Am I understanding this correctly? When the attach() method is called in the following code snip, the returned value is a pointer to this Servo instance's attach overridden function? My reason in asking is I want to tweak the class a bit so that when a Servo gets attached it attaches with a pulse width at servo center and a frame timing in the realm of acceptability for a standard servo. As the class stands as shipped if Servo.write has not been called before the attach the pulse rates are way off the chart for a servo and can result in cremating the servo. From what I have observed from several other servo related posts coupled with visually inspecting the waveforms at the servo pin is that the pulse times are so short execution never returns to the user's code. This only happens when the class is packaged in another class.

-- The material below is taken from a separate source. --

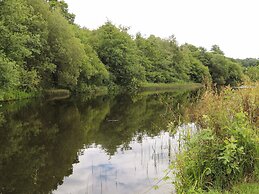 Lakeside Lodge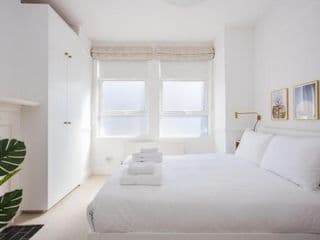 Stylish & Modern 3 Bed Flat in NW London with Garden photo 3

uint8_t Servo::attach(int pin)
{
  return this->attach(pin, MIN_PULSE_WIDTH, MAX_PULSE_WIDTH);
}

ajofscott:
Am I understanding this correctly? When the attach() method is called in the following code snip, the returned value is a pointer to this Servo instance's attach overridden function?

No, it's returning the result of the call to the attach() method that takes three arguments.

'this' is the pointer to the servo object. 'this->attach()' is a call to one of the attach() methods of the object. The particular attach() method is chosen by the number and type of arguments.

This function makes myServo.attach(pin); equivalent to myServo.attach(pin, 544, 2400);

There are two attach() methods in the Servo class - the one you showed, and the one that that one calls, with three arguments. Whatever value the other function returns is returned by the one shown. That value is not a pointer.

Ok got it, return is returning the function return from an internal call to an exposed method.